● **SUPPLIED INFORMATION**:
⁂

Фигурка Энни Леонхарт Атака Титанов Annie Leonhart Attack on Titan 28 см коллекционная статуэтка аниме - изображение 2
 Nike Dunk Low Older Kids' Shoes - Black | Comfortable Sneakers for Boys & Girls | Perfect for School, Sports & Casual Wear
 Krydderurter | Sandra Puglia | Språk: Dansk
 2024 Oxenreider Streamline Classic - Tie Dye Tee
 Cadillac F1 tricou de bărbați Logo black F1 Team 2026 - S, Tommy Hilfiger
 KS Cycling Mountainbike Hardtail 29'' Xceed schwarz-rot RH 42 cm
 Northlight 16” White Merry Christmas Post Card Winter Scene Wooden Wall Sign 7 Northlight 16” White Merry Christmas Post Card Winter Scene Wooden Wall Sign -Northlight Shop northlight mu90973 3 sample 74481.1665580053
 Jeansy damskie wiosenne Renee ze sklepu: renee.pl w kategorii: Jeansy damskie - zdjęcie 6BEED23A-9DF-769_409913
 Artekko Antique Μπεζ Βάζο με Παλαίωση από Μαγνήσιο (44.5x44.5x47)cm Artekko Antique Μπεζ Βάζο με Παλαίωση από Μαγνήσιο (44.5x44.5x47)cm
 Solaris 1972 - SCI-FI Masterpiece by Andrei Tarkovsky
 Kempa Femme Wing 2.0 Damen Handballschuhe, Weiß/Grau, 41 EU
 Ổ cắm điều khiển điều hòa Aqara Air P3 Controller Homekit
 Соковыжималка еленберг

⁂

● **WHAT TO WORK ON**:
Beginning at the line that contains "Μαγνήσιο (44.5x44.5x47)cm Artekko", reproduce every line down to the last line of the entries above, exactly and only those.

● **WRITTEN SOLUTION**:
 Artekko Antique Μπεζ Βάζο με Παλαίωση από Μαγνήσιο (44.5x44.5x47)cm Artekko Antique Μπεζ Βάζο με Παλαίωση από Μαγνήσιο (44.5x44.5x47)cm
 Solaris 1972 - SCI-FI Masterpiece by Andrei Tarkovsky
 Kempa Femme Wing 2.0 Damen Handballschuhe, Weiß/Grau, 41 EU
 Ổ cắm điều khiển điều hòa Aqara Air P3 Controller Homekit
 Соковыжималка еленберг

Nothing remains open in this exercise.